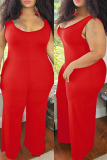 Red Fashion Casual Solid Basic O Neck Regular Jumpsuits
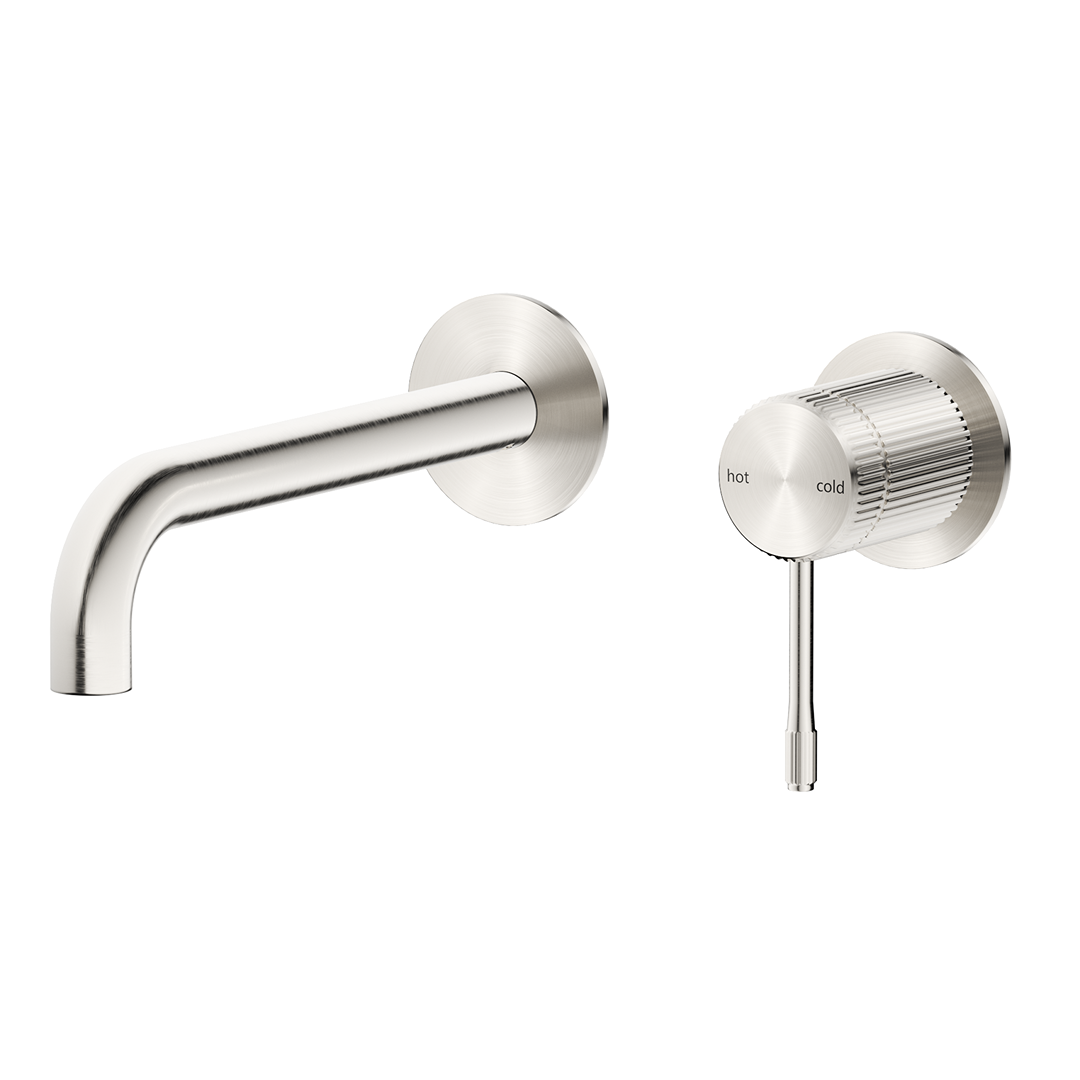 Mica Fluted Wall-Spout Combo - Brushed Nickel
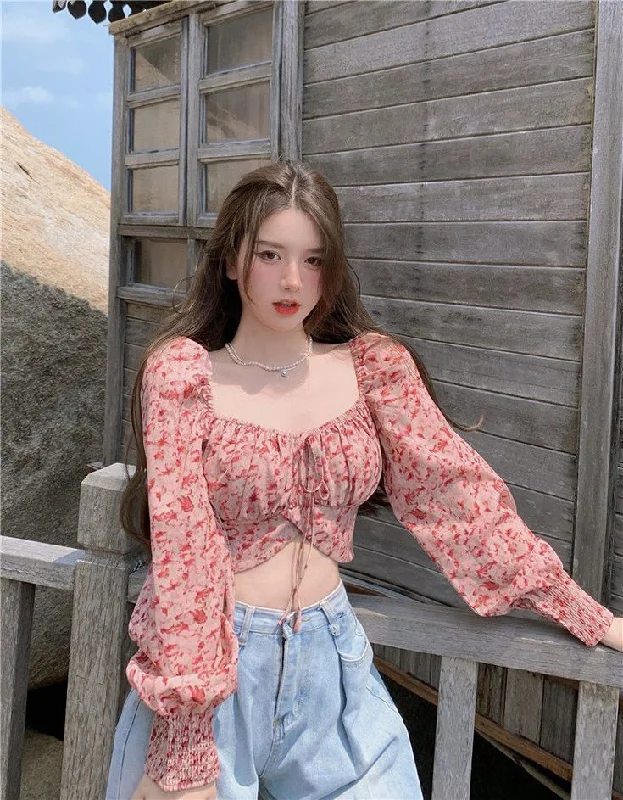 Special Buy Fashion Floral Chiffon Women's Shirt Sweet Square Neck Puff Sleeve Crop Tops Lace Up Long Sleeve Blouse Woman      S2828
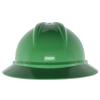 MSA 10168438 V-Gard 500 Full-Brim Hard Hat With 6-Point Fas-Trac III Ratchet Suspension | Polyethylene Shell, Superior Impact Protection, Self Adjusting Crown Straps - Standard Size in Green view 4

====

▶ [Action item] Could you return, word for word, every line from the line with "Mica Fluted Wall-Spout" through the last line of the listing above, both ends included, without any pictures?

▶ [Answer for this exercise]
 Mica Fluted Wall-Spout Combo - Brushed Nickel
 Special Buy Fashion Floral Chiffon Women's Shirt Sweet Square Neck Puff Sleeve Crop Tops Lace Up Long Sleeve Blouse Woman      S2828
 MSA 10168438 V-Gard 500 Full-Brim Hard Hat With 6-Point Fas-Trac III Ratchet Suspension | Polyethylene Shell, Superior Impact Protection, Self Adjusting Crown Straps - Standard Size in Green view 4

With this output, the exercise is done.